Nick: Okay, so, Livepeer is really about solving the transcoding resource problem, right? If I'm someone like Twitch, I have resources dedicated to transcoding your stream and then pushing it to a CDN. And Livepeer is doing that part of it.
It's not necessarily the distribution network of the content. I still, as a broadcaster, need to understand how my users are going to be getting this content and how I'm going to be storing it and telling them about it.
Eric: Yeah, so, Livepeer as it stands today is basically a transcoding market, right? We broke down the project into six different phases. We're now in the phase one.
Eric: In phase three we will be introducing incentives to do relaying, to do video relaying. Let me just step back and say that, to create this market, there are a couple of really important things that you have to get right.
One is, why are people running these transcoding nodes? You can say that the transcoding nodes are getting paid by the broadcaster and therefor they make a little bit of the fee. But that might not be enough of incentive to create a large scale.
If you look at other blockchain projects, and this is, I think,
the really magical thing about the blockchain is that you can create any economic incentive you want to incentivize a certain behavior. In the network. In all of your participants.
If the behavior that we want for this network, for the transcoding network, is for more transcoders to join the network and provide more scalability for the network, what we do is, the network itself will incentivize the transcoders to come and join the network.
What that means is, the network actually mints new tokens to award transcoders so that the transcoders don't get paid for just the fees they make from the broadcaster, but they also make money from the network as a whole, for providing this value. And this is the same thing as in Bitcoin.
When the Bitcoin miners validate transactions, they make fees from everybody who sent that transaction in. So every time you create a Bitcoin transaction you pay a little fee. But the miner also gets a cut from the network as the network mints new tokens. The miner who verifies the transaction gets that reward, and that's what incentivizes all these miners to join the network.

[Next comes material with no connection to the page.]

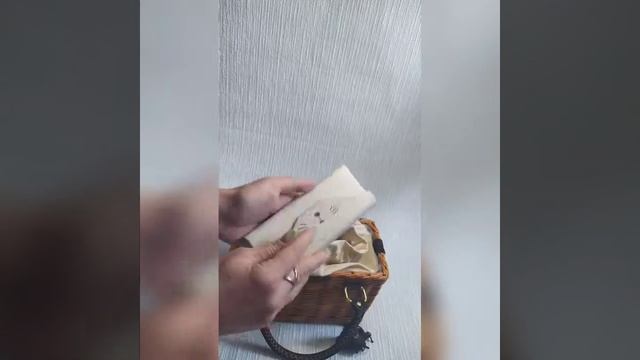 Сумка из бумажной лозы . смотреть онлайн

You create the biggest, that we talked about, the biggest computing cluster ever existing in history. That's something really cool. That kind of comes down to this idea of inflation.
In markets we have inflation. The Fed uses inflation to incentivize certain behavior. It just happens that they don't publish that beforehand and they just say it. It kind of happens. But for the blockchain, everyone knows and the rules are, all in code, and it's not going to get changed.
Nick: Talk me through a little bit about the security implications of it. I have a livestream I want to publish. First of all, how are you going to validate that I'm actually, as a transcoder, doing the work?
I've got x264 on my machine and I sneak a little fast setting in there, rather than a medium one. How do you validate a transcoded video frame?
Eric: That's kind of the core of the protocol, is to make sure that people are actually doing the right work. In the ideal world, since we're using Ethereum, you can just do all of this stuff in a smart contract in Ethereum. Ethereum will validate that you're actually doing the right work, and that's it.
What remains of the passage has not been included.